Signé Georges Vallet

crédits photos:la-philosophie.com

Pièce jointe: texte proposé aux candidats
Je n’ignore pas que beaucoup ont pensé et pensent encore que les choses du monde sont gouvernées par Dieu et par la fortune (1), et que les hommes, malgré leur sagesse, ne peuvent les modifier, et n’y apporter même aucun remède. En conséquence de quoi, on pourrait penser qu’il ne vaut pas la peine de se fatiguer et qu’il faut laisser gouverner le destin. Cette opinion a eu, à notre époque, un certain crédit du fait des bouleversements que l’on a pu voir, et que l’on voit encore quotidiennement, et que personne n’aurait pu prédire. J’ai moi-même été tenté en certaines circonstances de penser de cette manière.

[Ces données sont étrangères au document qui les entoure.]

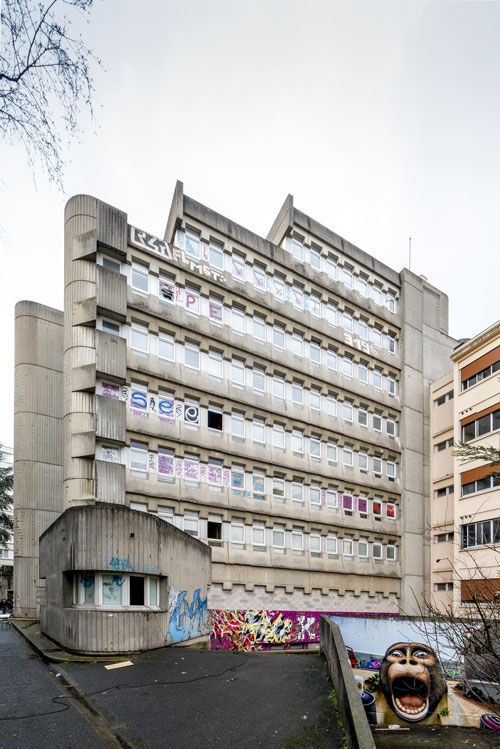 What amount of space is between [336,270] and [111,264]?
1530 centimetres

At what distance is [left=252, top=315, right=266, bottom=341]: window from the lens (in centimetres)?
3168

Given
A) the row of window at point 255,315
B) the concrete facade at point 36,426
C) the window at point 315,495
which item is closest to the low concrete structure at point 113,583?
the row of window at point 255,315

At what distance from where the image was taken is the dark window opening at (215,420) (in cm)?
2892

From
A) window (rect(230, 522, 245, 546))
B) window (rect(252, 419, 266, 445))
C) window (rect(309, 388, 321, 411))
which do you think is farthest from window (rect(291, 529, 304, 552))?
window (rect(309, 388, 321, 411))

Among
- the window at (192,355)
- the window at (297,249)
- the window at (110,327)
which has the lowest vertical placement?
the window at (192,355)

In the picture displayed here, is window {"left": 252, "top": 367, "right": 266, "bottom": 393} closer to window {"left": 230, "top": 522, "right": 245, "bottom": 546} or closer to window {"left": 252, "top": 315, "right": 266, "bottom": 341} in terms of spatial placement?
window {"left": 252, "top": 315, "right": 266, "bottom": 341}

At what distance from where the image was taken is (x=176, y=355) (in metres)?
28.1

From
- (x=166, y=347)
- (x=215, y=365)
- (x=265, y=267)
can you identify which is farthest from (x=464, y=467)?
(x=166, y=347)

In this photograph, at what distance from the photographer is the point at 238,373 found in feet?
100

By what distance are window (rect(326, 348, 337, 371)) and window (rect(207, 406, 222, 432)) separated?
848 centimetres

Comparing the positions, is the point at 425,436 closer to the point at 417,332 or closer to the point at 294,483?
the point at 417,332

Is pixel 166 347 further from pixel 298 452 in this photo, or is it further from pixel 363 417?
pixel 363 417

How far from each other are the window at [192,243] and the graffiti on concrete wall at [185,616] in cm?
1703

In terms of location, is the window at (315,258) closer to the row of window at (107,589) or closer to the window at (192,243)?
the window at (192,243) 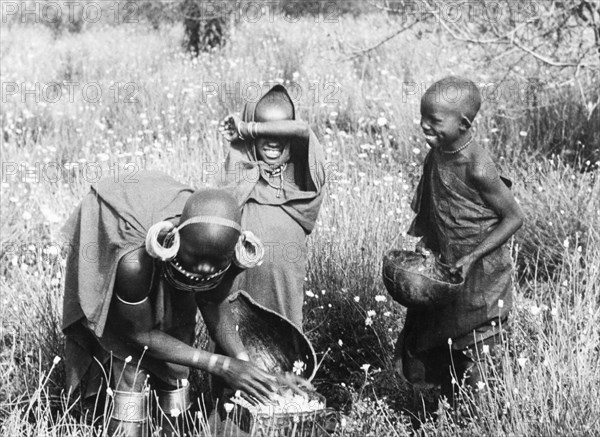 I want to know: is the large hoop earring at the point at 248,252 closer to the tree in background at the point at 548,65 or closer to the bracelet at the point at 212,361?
the bracelet at the point at 212,361

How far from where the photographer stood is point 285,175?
3.62 metres

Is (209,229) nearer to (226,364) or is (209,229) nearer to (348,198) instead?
(226,364)

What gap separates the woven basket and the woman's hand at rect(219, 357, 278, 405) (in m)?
0.59

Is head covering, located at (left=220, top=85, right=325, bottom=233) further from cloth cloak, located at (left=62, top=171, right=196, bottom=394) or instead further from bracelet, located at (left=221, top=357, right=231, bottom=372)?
bracelet, located at (left=221, top=357, right=231, bottom=372)

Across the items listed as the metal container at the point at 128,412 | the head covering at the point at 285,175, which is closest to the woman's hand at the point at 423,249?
the head covering at the point at 285,175

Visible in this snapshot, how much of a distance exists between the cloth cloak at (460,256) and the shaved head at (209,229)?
92 centimetres

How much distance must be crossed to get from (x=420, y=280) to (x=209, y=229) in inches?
34.7

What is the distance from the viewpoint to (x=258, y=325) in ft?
11.0

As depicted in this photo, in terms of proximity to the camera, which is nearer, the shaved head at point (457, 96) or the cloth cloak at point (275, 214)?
the shaved head at point (457, 96)

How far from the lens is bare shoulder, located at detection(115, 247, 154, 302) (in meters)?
2.87

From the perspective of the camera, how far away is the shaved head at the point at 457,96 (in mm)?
3125

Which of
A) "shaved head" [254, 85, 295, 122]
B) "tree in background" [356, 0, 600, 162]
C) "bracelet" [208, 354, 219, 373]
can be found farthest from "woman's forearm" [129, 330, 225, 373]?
"tree in background" [356, 0, 600, 162]

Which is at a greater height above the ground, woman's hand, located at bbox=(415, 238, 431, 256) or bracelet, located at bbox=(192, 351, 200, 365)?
woman's hand, located at bbox=(415, 238, 431, 256)

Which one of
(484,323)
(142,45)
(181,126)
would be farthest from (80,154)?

Néanmoins, afin que notre libre arbitre (2) ne soit pas complètement anéanti, j’estime que la fortune peut déterminer la moitié de nos actions mais que pour l’autre moitié les événements dépendent de nous. Je compare la fortune (le cours des choses)à l’un de ces fleuves dévastateurs qui, quand ils se mettent en colère, inondent les plaines, détruisent les arbres et les édifices, enlèvent la terre d’un endroit et la poussent vers un autre. Chacun fuit devant eux et tout le monde cède à la fureur des eaux sans pouvoir leur opposer la moindre résistance. Bien que les choses se déroulent ainsi, il n’en reste pas moins que les hommes ont la possibilité, pendant les périodes de calme, de se prémunir en préparant des abris et en bâtissant des digues de façon à ce que, si le niveau des eaux devient menaçant, celles-ci convergent vers des canaux et ne deviennent pas déchaînées et nuisibles.Il en va de même pour la fortune : elle montre toute sa puissance là où aucune vertu n’a été mobilisée pour lui résister et tourne ses assauts là où il n’y a ni abris ni digues pour la contenir.